Background
The problem
In multi-dimensional datasets, standard sorting only works along a single axis. The skyline problem asks: which objects are not dominated by any other object across all N dimensions simultaneously?
This comes up in database query optimization and multi-criteria decision making — finding hotels that are neither too expensive nor too far away, without being beaten on both dimensions by another option.
Solution
What I built
A self-contained Python class that accepts a dataset and N category dimensions, then returns the skyline — objects not dominated by any other object across all N categories.
- Supports arbitrary N-dimensional inputs, not limited to 2 categories.

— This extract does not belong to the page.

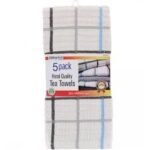 5 Pk Hotel Quality Tea Towels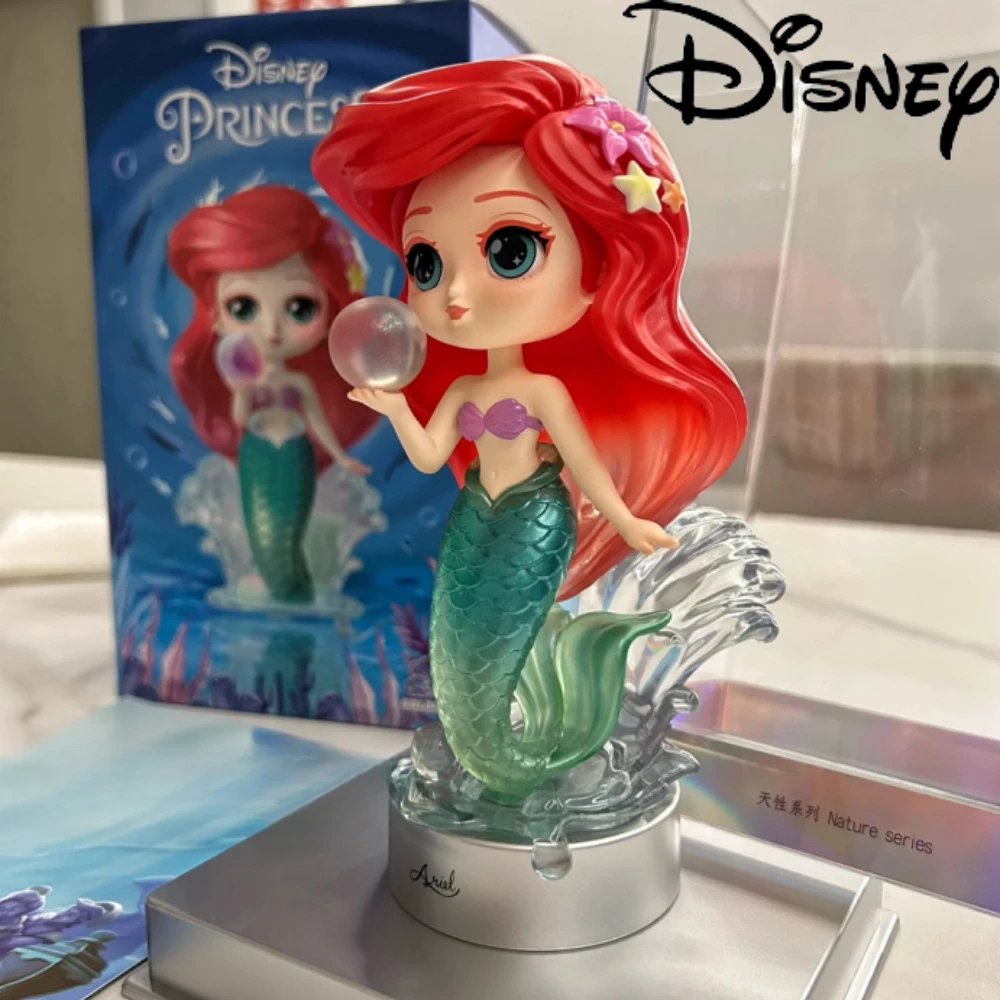 Genuine Original New Disney Princess Dolls Nature Series Blind Box Hand-me-downs Ornaments Girls Toys Gifts Snow Le Pei Ariel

- Clean class interface, drop-in ready for any Python project.
- No external dependencies — pure Python stdlib.
- Returns skyline set with dominance metadata for downstream processing.
Engineering
Technical decisions
Object A dominates object B if A is at least as good as B on every category, and strictly better on at least one. The naive dominance check is O(n²·k) for n objects and k dimensions. The implementation prunes dominated candidates early to keep this tractable, and uses a clean class structure that separates the skyline computation from result formatting.
Results
Outcome
- Published as an open source library on GitHub.
- Reusable across any multi-dimensional ranking or filtering use case.
- A clean, readable reference implementation of the skyline algorithm in pure Python.